Kaczyński przegrał z Komorowskim przed sądem

2010-06-17 7:55

Bronisław Komorowski (58 l.) wygrał proces w trybie wyborczym przeciwko Jarosławowi Kaczyńskiemu (61 l.). Jeśli wczorajszy wyrok się uprawomocni, przegrana może kosztować sztab wyborczy PiS-u nawet 50 tys. zł. Taki jest przybliżony koszt ogłoszeń ze sprostowaniem, które sąd nakazał wykupić w dwóch stacjach telewizyjnych.
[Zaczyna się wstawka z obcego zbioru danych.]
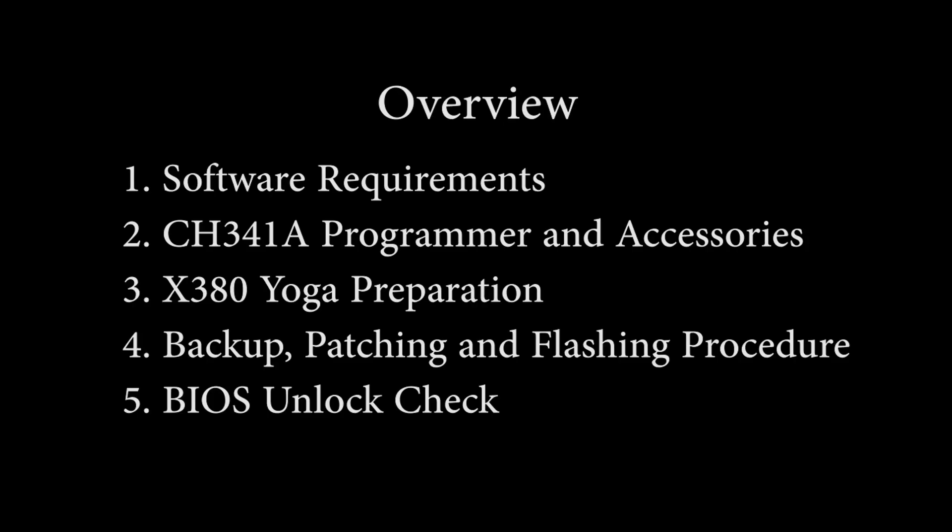We'll be using an auto-patcher tool developed by Knuckle Grumble and shared over at the Bad Caps forum. This tutorial is divided into five sections covering the software packages you'll need to download and install, an overview of the CH341A programmer and the essential add-on accessories, how to prepare the laptop including locating the BIOS chip, taking proper precautions, attaching the test clip, and performing the backup, patching, and flashing procedures, and finally, we'll verify whether the BIOS unlock was successful. Let's get started.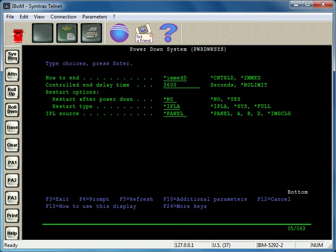You do a power down system immediately, and when you do a power down system immediately, it just ignores the delay time. In this case, I'm going to do a restart yes. If I didn't want to restart it, I would leave that as no.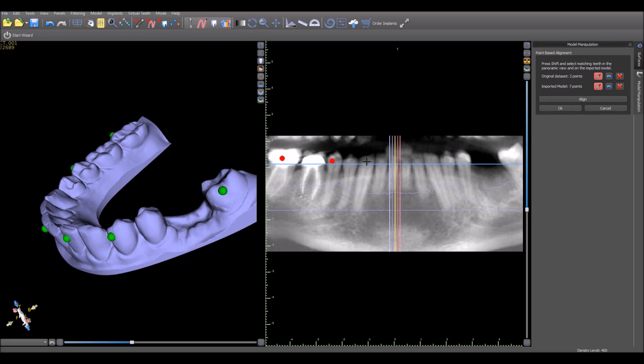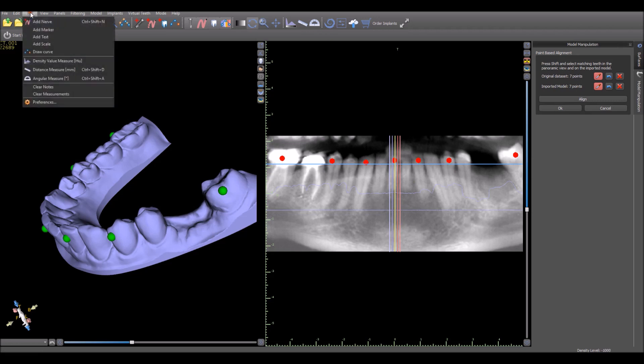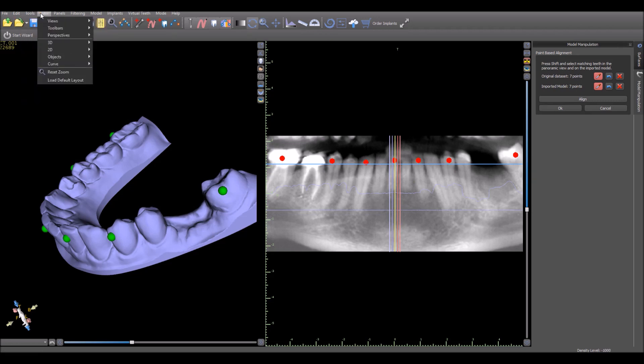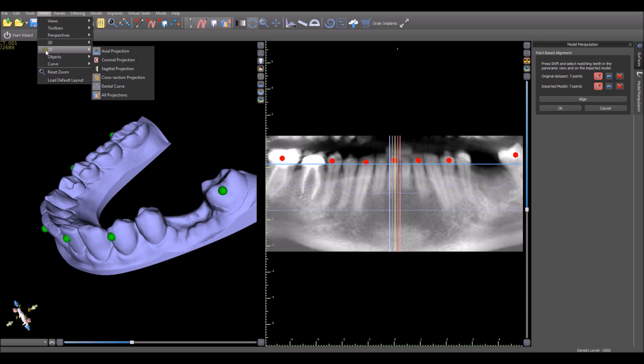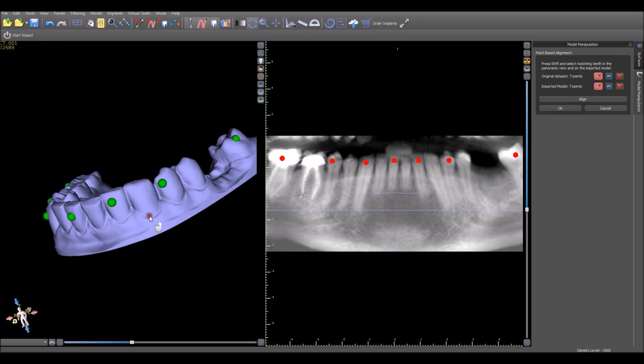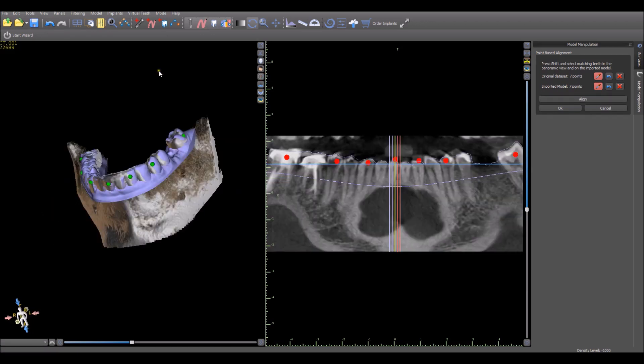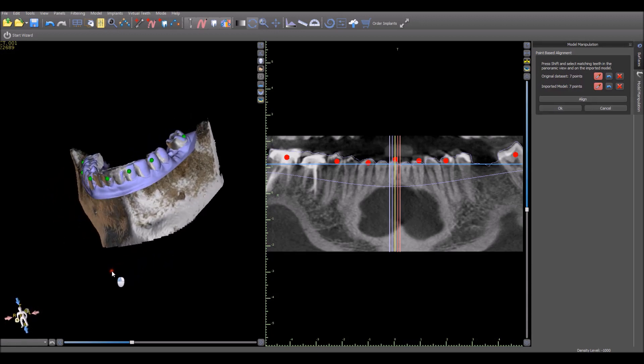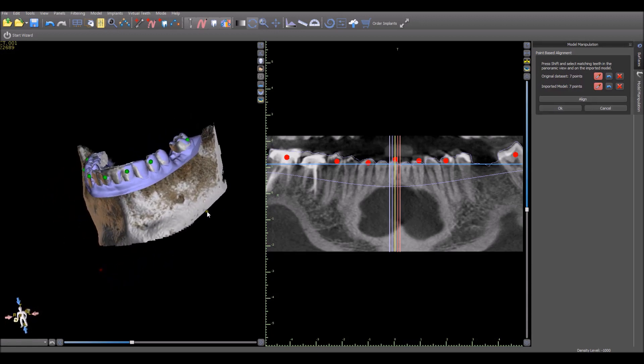Then I go ahead and once again hold down the Shift key and mark every other tooth on the CT scan. If you want to hide these multi-colored lines that represent the cross-sections, simply go to View 2D and remove all projections. That gives a bit of a cleaner look. Once you have your points marked, you go ahead and click Align. The software performs the alignment and the merge.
Wyrok warszawskiego sądu wytrącił Jarosławowi Kaczyńskiemu argument z jego kampanii wyborczej, że Bronisław Komorowski chce prywatyzacji szpitali. Szef PiS mówił o tym podczas ubiegłotygodniowego wiecu w Lublinie. Wczoraj sędzia po błyskawicznym procesie w trybie wyborczym zakazał Kaczyńskiemu dalszego rozpowszechniania takich informacji.
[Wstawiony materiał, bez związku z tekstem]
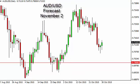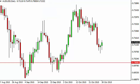Aussie dollar US dollar daily forecast for November 2nd by FX Empire. The Aussie dollar, as you can see, dropped a bit during the session on Friday and then turned back around to form a hammer.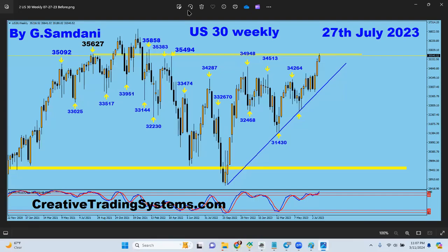Hello everyone, Sam here from creativecareingsystems.com making this video about US30. So let's get started. This is the weekly chart I made in July 2023, and you can see this level here was in question — 35,627.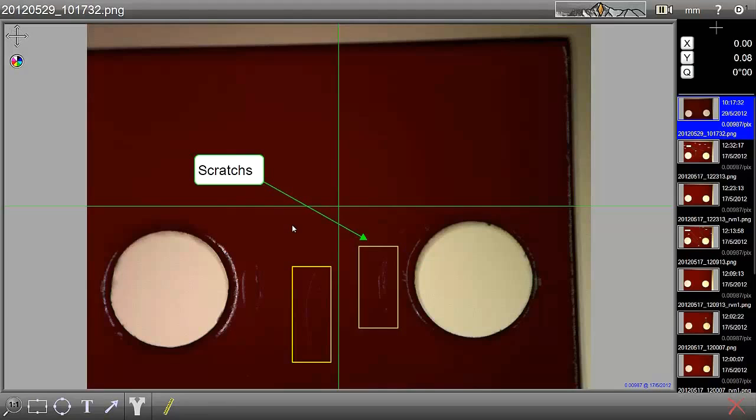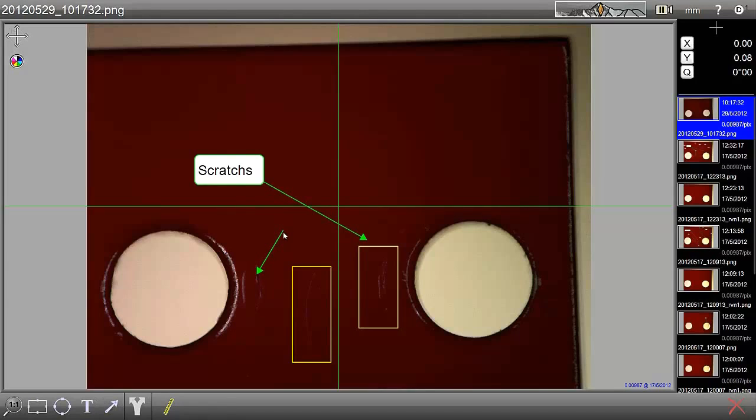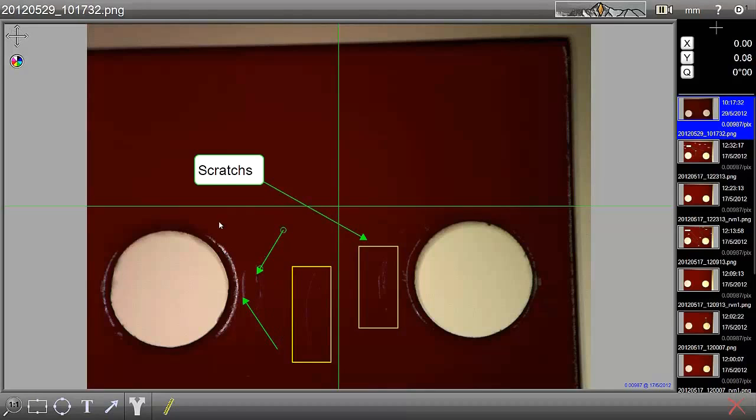Once we've done this, we may want to annotate a couple of other defects on the part. We also have the facility using an arrow tool which we can use for markup. So we select the arrow from the toolbar down here and draw on the screen. We can again select and change the color using the color wheel if we require. I will do the same thing with this second defect over here.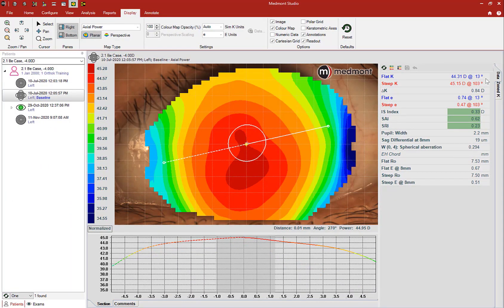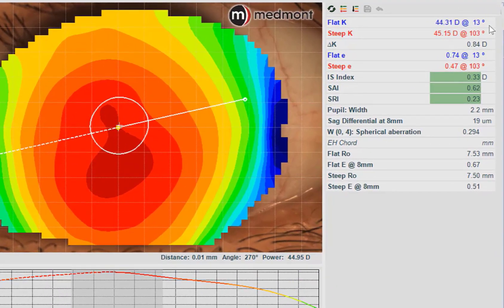Let's finish with an orthokeratology case. The K readings show the cornea is a little on the steep side. Research has shown that orthokeratology tends to work easier on steeper eyes rather than flatter eyes, so this patient appears to be a good candidate. The corneal astigmatism is relatively low, again making this a good ortho-K candidate. When we go down to eccentricity, we know higher eccentricity eyes tend to respond better to orthokeratology. This patient has a higher than average eccentricity — the median on Medmont is about 0.65 — so in eccentricity, this patient also appears to be a good candidate.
Agnieszka Matlak nakazała prezesowi PiS wykupienie ogłoszeń w telewizjach: TVP 1 i TVN. Oświadczenie ma mieć "wymiar zajmujący cały ekran" i ma być "wolno i wyraźnie czytane przez lektora". Ma też zostać przesłane Polskiej Agencji Prasowej. Sędzia orzekła, że program PO z października 2007 roku przewiduje nie prywatyzację, lecz komunalizację opieki zdrowotnej (czyli przekształcanie szpitali w spółki prawa handlowego - red.).
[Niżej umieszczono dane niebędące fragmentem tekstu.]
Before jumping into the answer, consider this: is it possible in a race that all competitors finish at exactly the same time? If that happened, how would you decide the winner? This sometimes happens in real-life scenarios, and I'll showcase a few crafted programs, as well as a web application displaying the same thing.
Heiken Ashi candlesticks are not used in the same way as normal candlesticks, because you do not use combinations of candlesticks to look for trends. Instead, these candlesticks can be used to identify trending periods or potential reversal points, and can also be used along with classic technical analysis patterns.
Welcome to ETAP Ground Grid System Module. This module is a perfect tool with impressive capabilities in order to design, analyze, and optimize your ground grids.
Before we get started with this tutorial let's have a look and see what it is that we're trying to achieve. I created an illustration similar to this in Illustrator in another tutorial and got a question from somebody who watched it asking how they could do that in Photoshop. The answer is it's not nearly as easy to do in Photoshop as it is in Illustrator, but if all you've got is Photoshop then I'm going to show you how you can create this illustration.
- Stanowisko takie prezentuje również Bronisław Komorowski w swoich wypowiedziach jako kandydat na prezydenta - uzasadniła sędzia.

Przegrana będzie kosztować sztab wyborczy Kaczyńskiego ok. 50 tys. zł. Tyle bowiem trzeba zapłacić za trzydziestosekundową reklamę w dwóch stacjach w najlepszym czasie antenowym. Ani Kaczyńskiego, ani Komorowskiego nie było wczoraj w sądzie. Ruszyli w teren na wiece. Prawnicy Jarosława Kaczyńskiego już zapowiedzieli, że będą się odwoływać od wyroku. Natomiast Bronisława Komorowskiego wyrok wprawił w dobry humor. W chwili jego ogłoszenia był na Krajowym Zjeździe Leśników w Jabłonnie.

- Sędzia jeszcze jest rozgrzany, załatwimy tę sprawę szybko - dowcipkował, apelując do wyborców, by zawiadomili go, gdy tylko usłyszą, że ktoś zarzuca mu plany prywatyzacji służby... lasów.